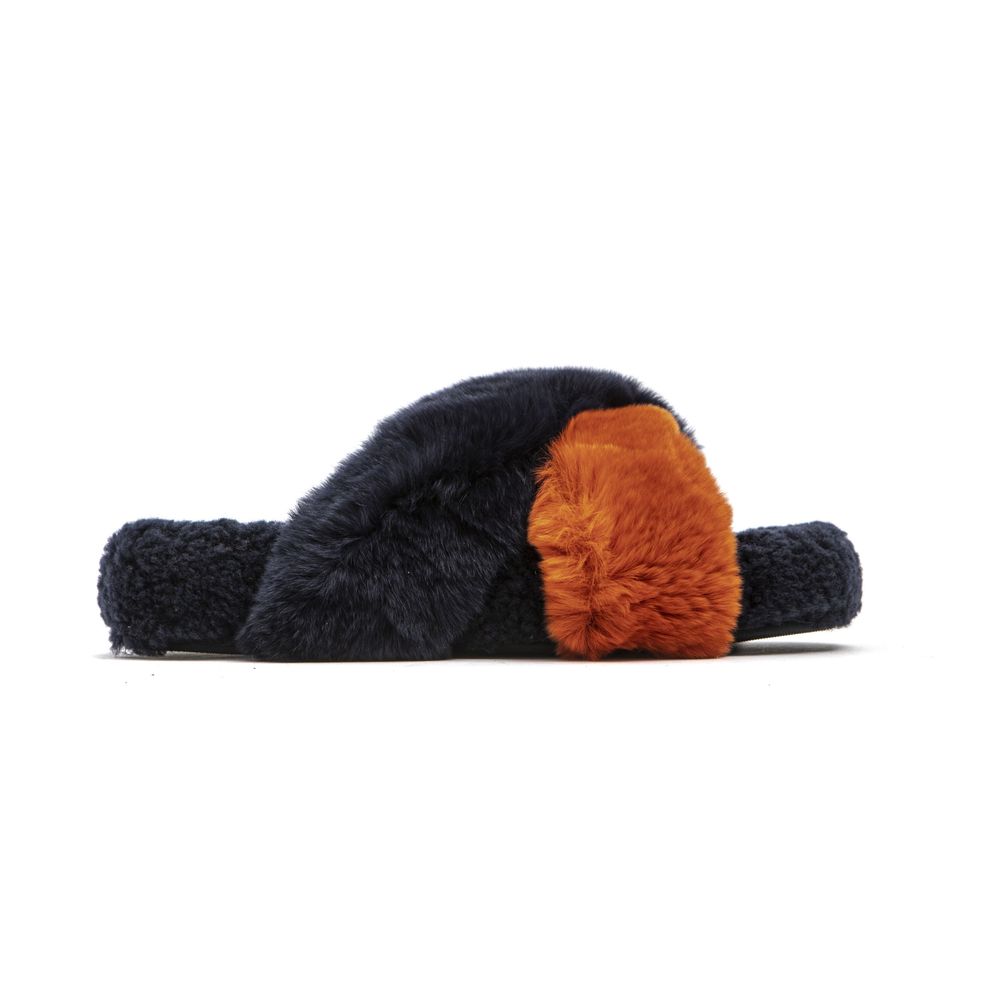 Blue Rabbit Fur Women Sandal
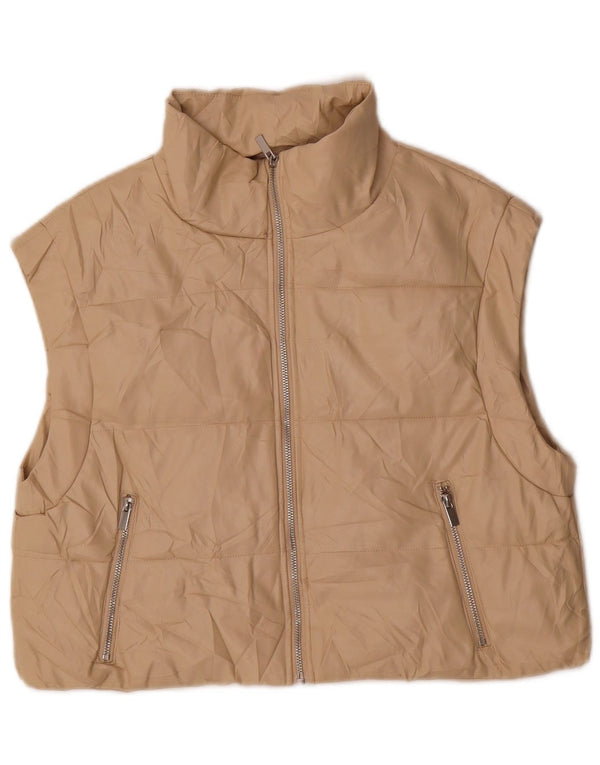 Zara Womens Crop Faux Leather Padded Gilet UK 14 Medium Beige Polyurethane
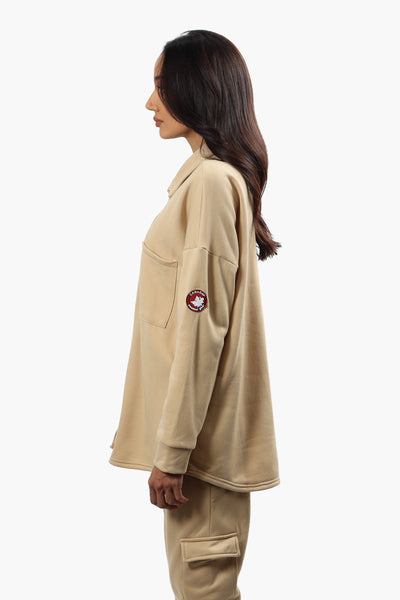 Canada Weather Gear Solid Front Pocket Shacket - Beige - Womens Shirts & Blouses - Canada Weather Gear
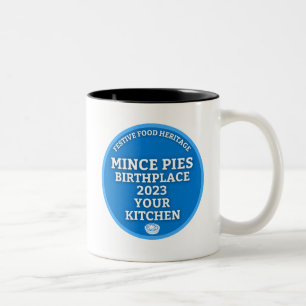 Caneca De Café Em Dois Tons Mince Pies Birthplace - Placa Azul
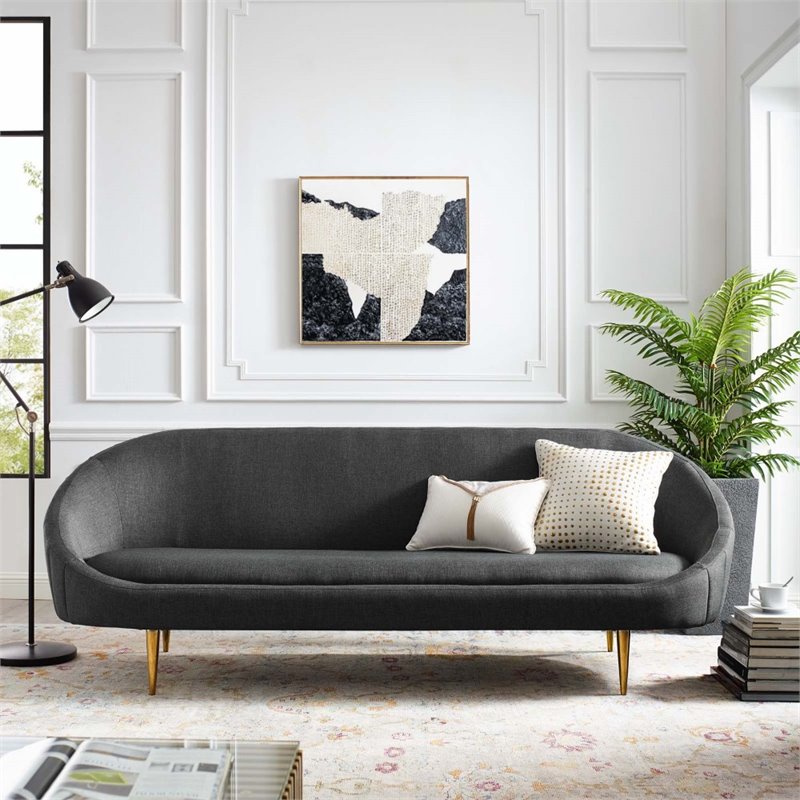 Pemberly Row Vertical Curve Back Velvet Sofa in Gray with Gold Legs
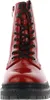 A close-up, front-facing view of a red lace-up boot with a black sole. Produktbild-Vorschau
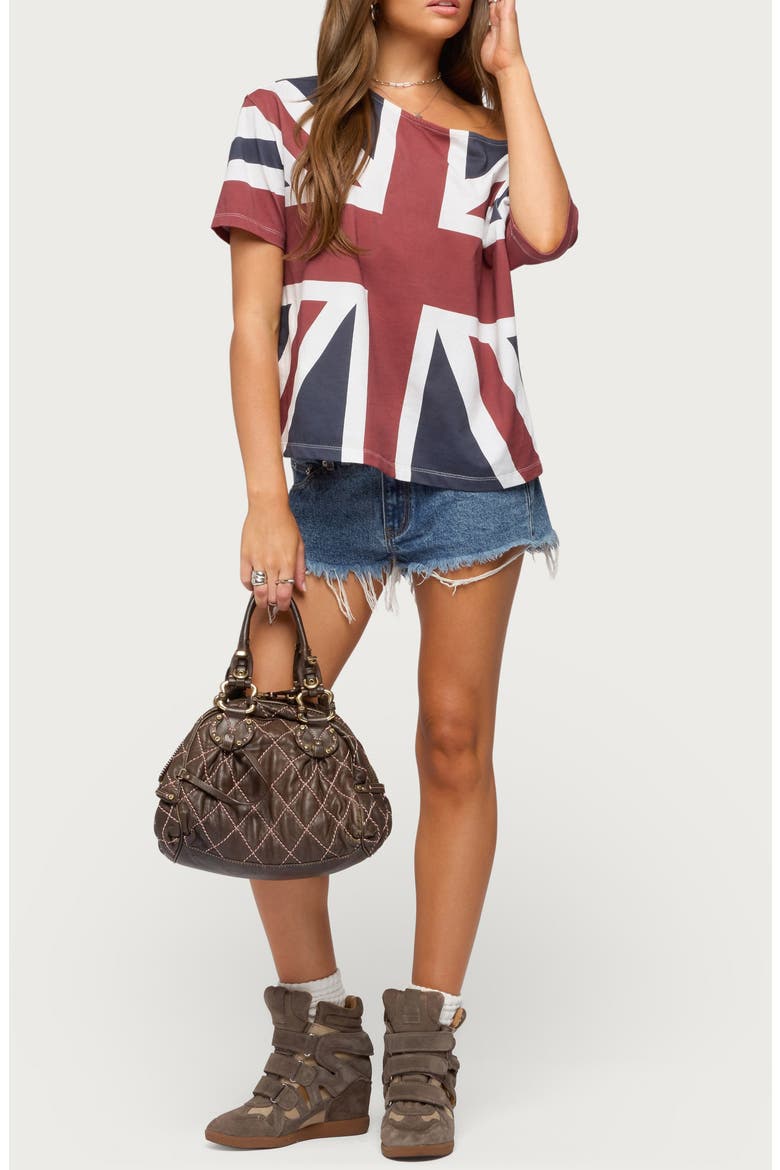 Union Jack Off-the-Shoulder T-Shirt, Alternate, color, NAVY-AND-RED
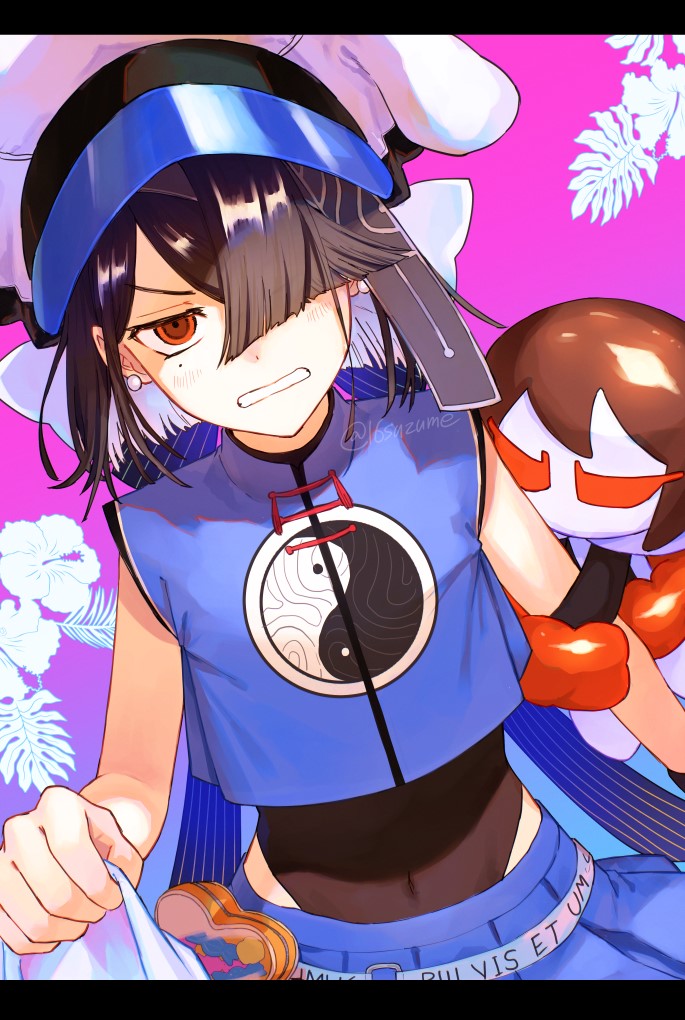 1girl, bare_shoulders, black_hair, black_one-piece_swimsuit, blue_shirt, blue_skirt, blush, breasts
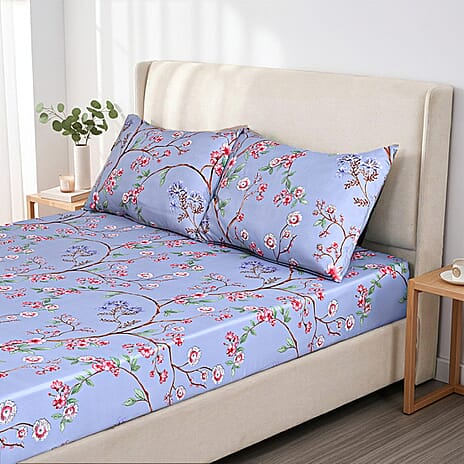 LIVMORE 3-Piece Set - Floral Fitted Sheet with Two Matching Pillowcases (King, 200 x 150cm) - Dusty Blue & Pink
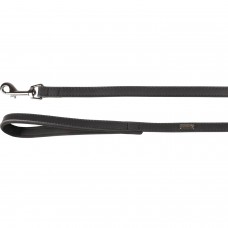 Flamingo Leash Binti Black - čierne kožené vodítko pre psa, rukoväť s neoprénovou podšívkou, šírka 15mm - 130cm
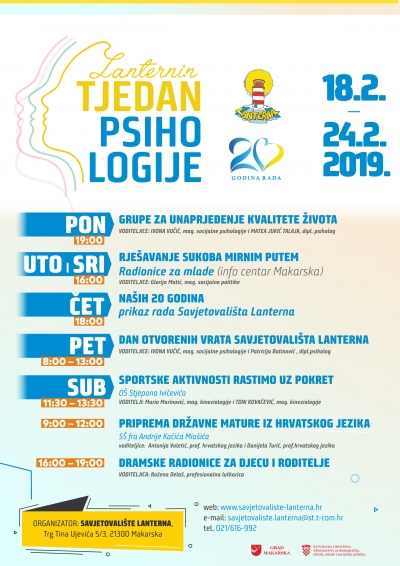 12. Tjedan psihologije - Svjetovali&scaron;te Lanterna - Makarska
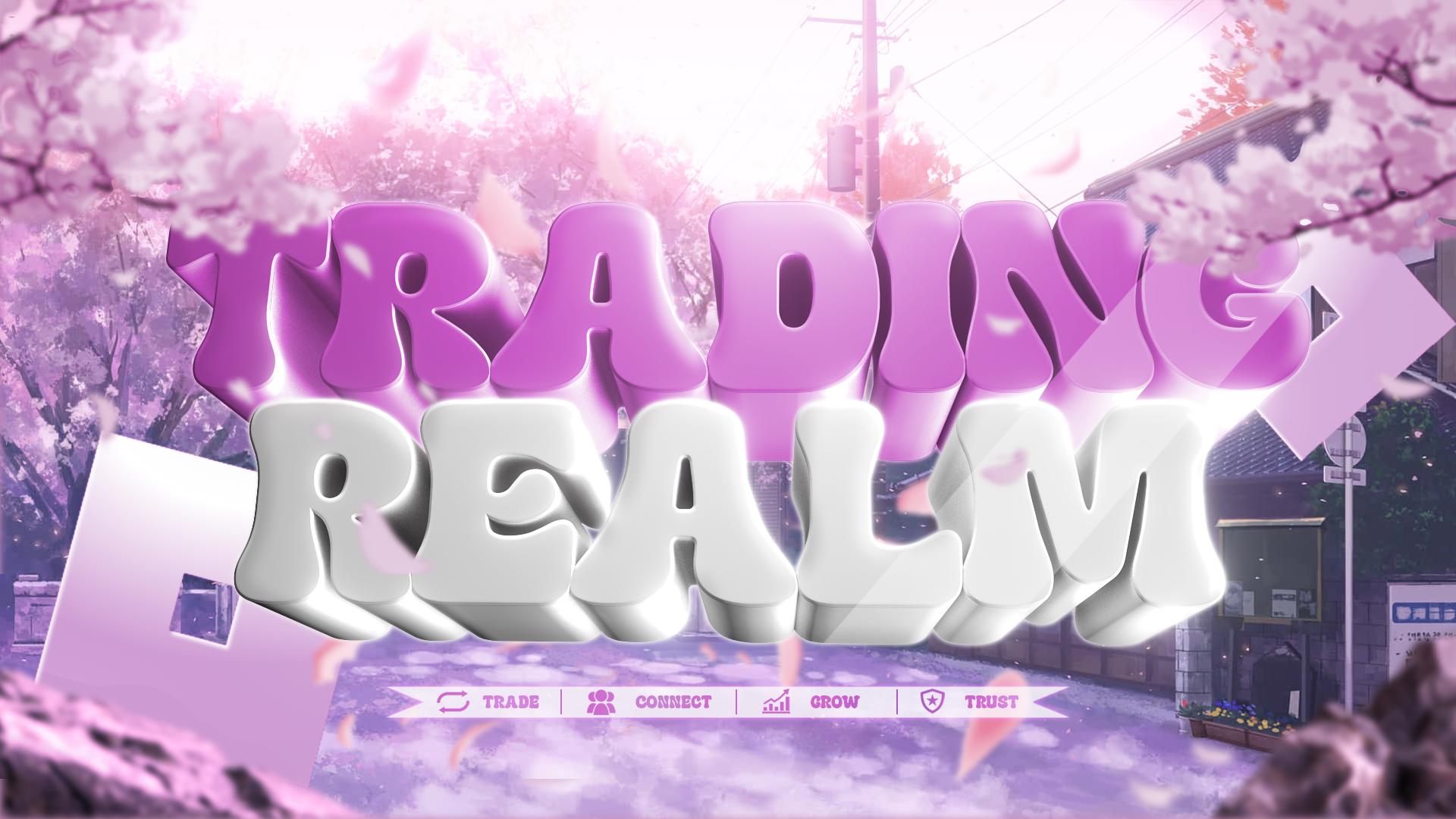 Discovery splash banner for Trading Realm ・ MM2 / JB / SAB Discord server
^^^^^^^^
**What you have to do:**
Exactly as they stand, the entries must be written out again, pictures excluded.

**Answer to this problem:**
 Blue Rabbit Fur Women Sandal
 Zara Womens Crop Faux Leather Padded Gilet UK 14 Medium Beige Polyurethane
 Canada Weather Gear Solid Front Pocket Shacket - Beige - Womens Shirts & Blouses - Canada Weather Gear
 Caneca De Café Em Dois Tons Mince Pies Birthplace - Placa Azul
 Pemberly Row Vertical Curve Back Velvet Sofa in Gray with Gold Legs
 A close-up, front-facing view of a red lace-up boot with a black sole. Produktbild-Vorschau
 Union Jack Off-the-Shoulder T-Shirt, Alternate, color, NAVY-AND-RED
 1girl, bare_shoulders, black_hair, black_one-piece_swimsuit, blue_shirt, blue_skirt, blush, breasts
 LIVMORE 3-Piece Set - Floral Fitted Sheet with Two Matching Pillowcases (King, 200 x 150cm) - Dusty Blue & Pink
 Flamingo Leash Binti Black - čierne kožené vodítko pre psa, rukoväť s neoprénovou podšívkou, šírka 15mm - 130cm
 12. Tjedan psihologije - Svjetovali&scaron;te Lanterna - Makarska
 Discovery splash banner for Trading Realm ・ MM2 / JB / SAB Discord server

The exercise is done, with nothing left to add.